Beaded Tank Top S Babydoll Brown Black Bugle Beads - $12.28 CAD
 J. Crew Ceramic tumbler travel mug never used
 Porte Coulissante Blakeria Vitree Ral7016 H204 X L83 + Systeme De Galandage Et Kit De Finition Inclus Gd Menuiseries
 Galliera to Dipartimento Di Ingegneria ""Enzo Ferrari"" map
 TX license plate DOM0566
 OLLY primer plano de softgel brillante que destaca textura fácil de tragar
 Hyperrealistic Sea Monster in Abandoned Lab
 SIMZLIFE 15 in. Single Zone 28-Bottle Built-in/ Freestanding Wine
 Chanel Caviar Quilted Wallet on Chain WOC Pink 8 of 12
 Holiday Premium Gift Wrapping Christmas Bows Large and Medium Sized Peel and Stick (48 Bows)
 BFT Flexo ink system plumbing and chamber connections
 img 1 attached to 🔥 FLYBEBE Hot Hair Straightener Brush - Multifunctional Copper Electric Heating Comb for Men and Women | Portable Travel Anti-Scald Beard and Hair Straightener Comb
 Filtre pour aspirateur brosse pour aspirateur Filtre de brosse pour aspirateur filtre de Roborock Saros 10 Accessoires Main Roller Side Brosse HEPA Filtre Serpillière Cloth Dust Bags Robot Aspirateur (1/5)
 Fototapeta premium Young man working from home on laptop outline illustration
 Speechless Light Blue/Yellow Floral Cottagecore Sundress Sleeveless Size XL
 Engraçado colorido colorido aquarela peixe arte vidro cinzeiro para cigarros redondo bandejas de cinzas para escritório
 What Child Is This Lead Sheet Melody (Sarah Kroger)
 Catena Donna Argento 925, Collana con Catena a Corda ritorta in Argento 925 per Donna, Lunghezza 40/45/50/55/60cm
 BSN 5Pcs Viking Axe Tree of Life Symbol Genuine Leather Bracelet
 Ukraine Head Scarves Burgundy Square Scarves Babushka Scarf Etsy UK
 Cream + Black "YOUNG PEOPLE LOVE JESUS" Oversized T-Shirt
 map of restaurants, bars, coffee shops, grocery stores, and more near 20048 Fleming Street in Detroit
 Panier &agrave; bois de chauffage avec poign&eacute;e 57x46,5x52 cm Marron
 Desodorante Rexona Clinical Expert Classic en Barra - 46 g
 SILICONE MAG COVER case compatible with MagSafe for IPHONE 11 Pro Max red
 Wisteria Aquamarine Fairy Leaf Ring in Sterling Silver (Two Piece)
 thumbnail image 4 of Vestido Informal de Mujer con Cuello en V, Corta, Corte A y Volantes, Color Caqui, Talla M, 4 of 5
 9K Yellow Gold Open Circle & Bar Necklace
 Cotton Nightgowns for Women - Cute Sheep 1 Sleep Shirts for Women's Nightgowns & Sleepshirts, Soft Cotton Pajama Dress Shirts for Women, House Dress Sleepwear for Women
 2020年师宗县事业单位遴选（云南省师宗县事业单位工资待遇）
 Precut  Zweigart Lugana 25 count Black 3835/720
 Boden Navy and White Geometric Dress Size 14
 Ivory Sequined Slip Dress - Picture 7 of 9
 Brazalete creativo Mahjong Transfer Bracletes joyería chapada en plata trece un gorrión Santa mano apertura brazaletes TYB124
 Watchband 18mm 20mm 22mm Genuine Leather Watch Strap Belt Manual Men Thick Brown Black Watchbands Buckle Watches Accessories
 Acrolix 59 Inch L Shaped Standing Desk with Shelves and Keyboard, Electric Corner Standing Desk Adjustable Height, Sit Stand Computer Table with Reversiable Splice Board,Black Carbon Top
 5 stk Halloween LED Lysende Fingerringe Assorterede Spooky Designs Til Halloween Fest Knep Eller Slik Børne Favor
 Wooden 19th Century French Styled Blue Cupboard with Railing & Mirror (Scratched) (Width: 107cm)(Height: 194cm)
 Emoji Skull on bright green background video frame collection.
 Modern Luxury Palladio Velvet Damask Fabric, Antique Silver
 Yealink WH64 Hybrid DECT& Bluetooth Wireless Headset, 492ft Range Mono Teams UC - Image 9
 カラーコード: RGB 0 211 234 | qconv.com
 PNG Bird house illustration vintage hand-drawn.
========
# Exercise instructions:
All that is wanted is a faithful reproduction of the line above with "Cream + Black", the line with "Modern Luxury Palladio", and every line in between.

# Solution for this problem:
 Cream + Black "YOUNG PEOPLE LOVE JESUS" Oversized T-Shirt
 map of restaurants, bars, coffee shops, grocery stores, and more near 20048 Fleming Street in Detroit
 Panier &agrave; bois de chauffage avec poign&eacute;e 57x46,5x52 cm Marron
 Desodorante Rexona Clinical Expert Classic en Barra - 46 g
 SILICONE MAG COVER case compatible with MagSafe for IPHONE 11 Pro Max red
 Wisteria Aquamarine Fairy Leaf Ring in Sterling Silver (Two Piece)
 thumbnail image 4 of Vestido Informal de Mujer con Cuello en V, Corta, Corte A y Volantes, Color Caqui, Talla M, 4 of 5
 9K Yellow Gold Open Circle & Bar Necklace
 Cotton Nightgowns for Women - Cute Sheep 1 Sleep Shirts for Women's Nightgowns & Sleepshirts, Soft Cotton Pajama Dress Shirts for Women, House Dress Sleepwear for Women
 2020年师宗县事业单位遴选（云南省师宗县事业单位工资待遇）
 Precut  Zweigart Lugana 25 count Black 3835/720
 Boden Navy and White Geometric Dress Size 14
 Ivory Sequined Slip Dress - Picture 7 of 9
 Brazalete creativo Mahjong Transfer Bracletes joyería chapada en plata trece un gorrión Santa mano apertura brazaletes TYB124
 Watchband 18mm 20mm 22mm Genuine Leather Watch Strap Belt Manual Men Thick Brown Black Watchbands Buckle Watches Accessories
 Acrolix 59 Inch L Shaped Standing Desk with Shelves and Keyboard, Electric Corner Standing Desk Adjustable Height, Sit Stand Computer Table with Reversiable Splice Board,Black Carbon Top
 5 stk Halloween LED Lysende Fingerringe Assorterede Spooky Designs Til Halloween Fest Knep Eller Slik Børne Favor
 Wooden 19th Century French Styled Blue Cupboard with Railing & Mirror (Scratched) (Width: 107cm)(Height: 194cm)
 Emoji Skull on bright green background video frame collection.
 Modern Luxury Palladio Velvet Damask Fabric, Antique Silver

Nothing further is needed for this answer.